Legislators this week reached agreement on a continuing resolution that will allow the state to continue operating in the absence of a budget agreement. The "CR" provides for state spending through Aug. 14 and funds school enrollment growth. It did leave some uncertainty for the funding of programs like driver's education. The continuing resolution was necessary because legislators have not yet agreed upon a state budget and plan to take next week off before returning on July 13 to begin negotiations in earnest.
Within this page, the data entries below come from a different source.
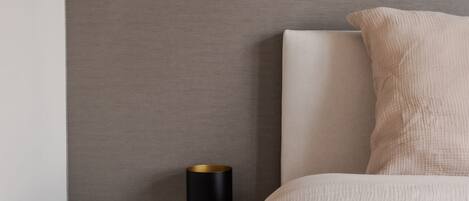 Un dormitorio con una cama, una mesita de noche y una lámpara de pared.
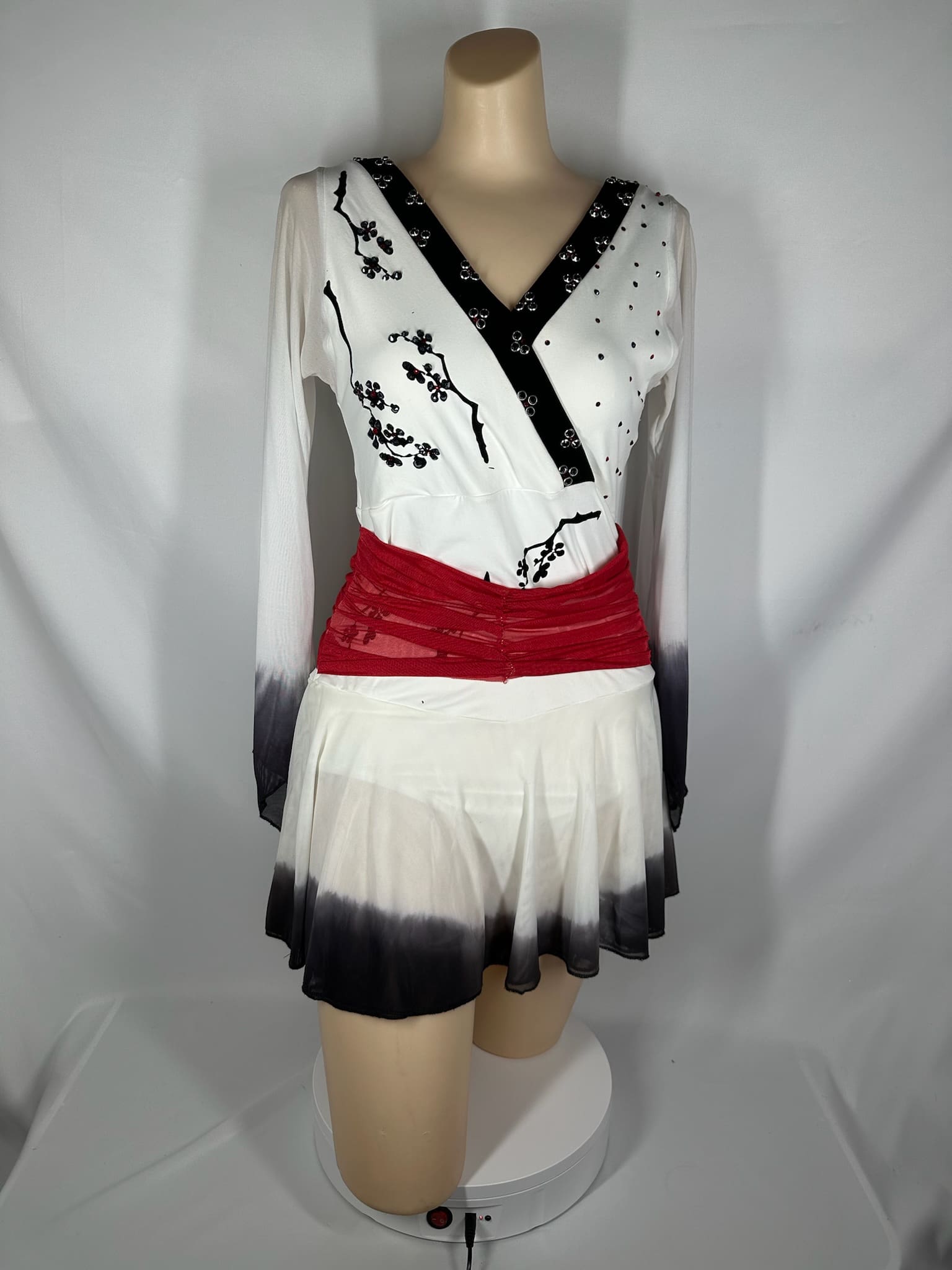 front view of White Black Red Floral Sash Asian-Inspired Skating Dress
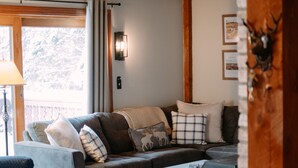 Ein gemütliches Wohnzimmer mit Holzboden, Kamin und großem Fenster mit Vorhängen.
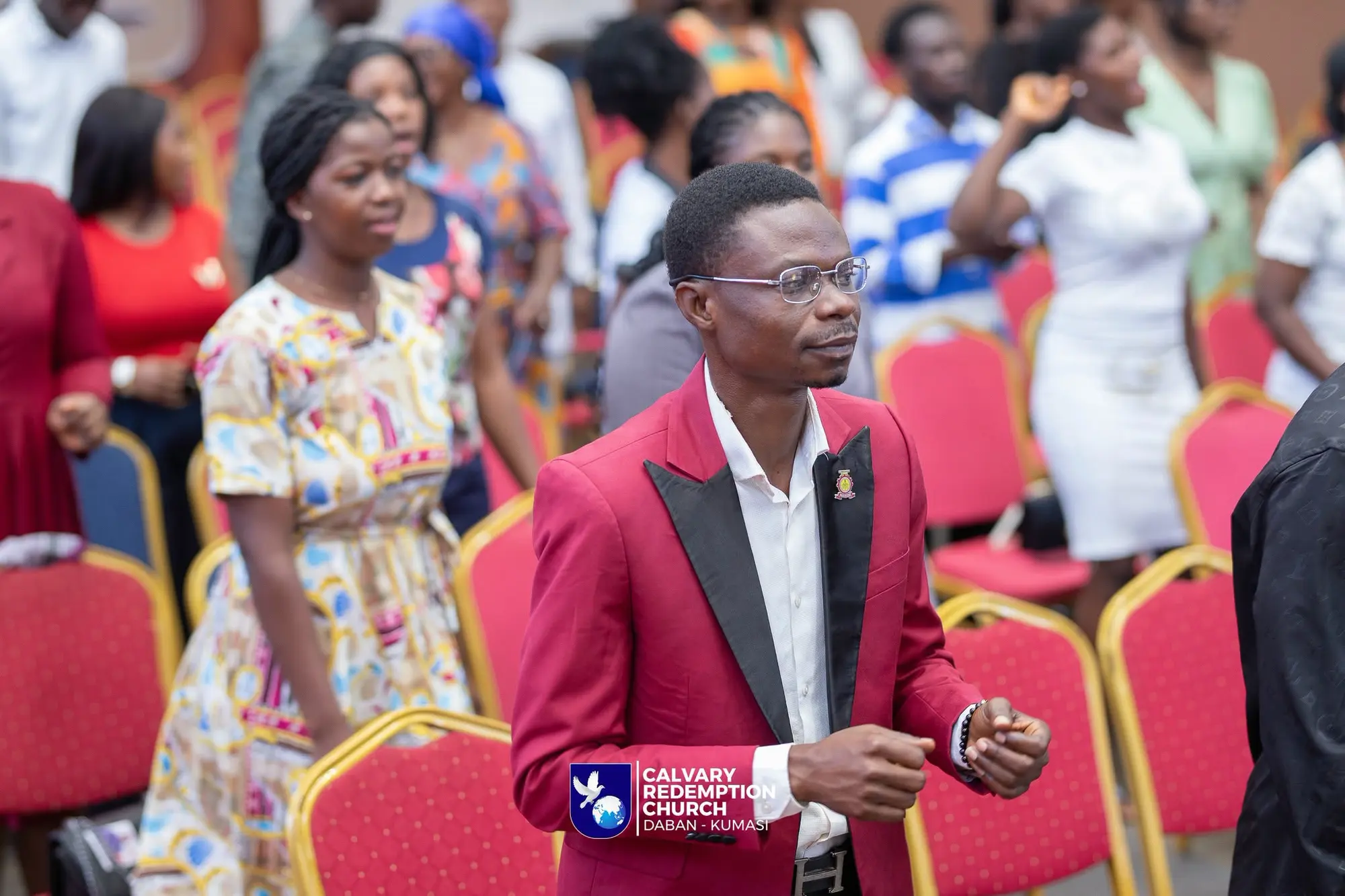A young man worshipping in the aisle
Meanwhile, the House Finance Committee met again this week to discuss the finance provisions of the Senate budget. Once again, sales tax reallocation was a major point of discussion. Hickory City Manager Mick Berry addressed the committee and noted that while Hickory's permanent residential population is 40,300, its daytime population is estimated at 100,000, and sales taxes are a primary way of supporting that influx of population. Conover Mayor Pro Tem Kyle Hayman and manager Donald Duncan also spoke before the committee and described the economic development investments that city has made to encourage business activity that generates sales tax revenues, revenues which would be distributed around the state primarily on the basis of population under the Senate plan.
The League thanks all of our city officials for taking the time to contact their legislators regarding this issue, and again thanks House Finance chairmen Bill Brawley and Jason Saine for their thorough consideration of this plan. The League will continue to keep you updated on this issue as budget negotiations progress. Contact: Chris Nida
The Senate Commerce Committee on Tuesday gave its approval to HB 168 Exempt Builders' Inventory, which exempts homebuilders from paying property tax on certain improvements to residential and commercial property for a period of time or until the property is sold. The version of HB 168 that passed the House applied only to residential property, but the version taken up by the Senate committee also includes improvements to commercial property like water and sewer lines and roads, for a period of up to five years, until a building permit is issued, or the property is sold. Estimates by legislative staff produced when the bill was considered on the House side indicated that exemption for both residential and commercial property could cost local governments upwards of $65 million annually in property tax revenue.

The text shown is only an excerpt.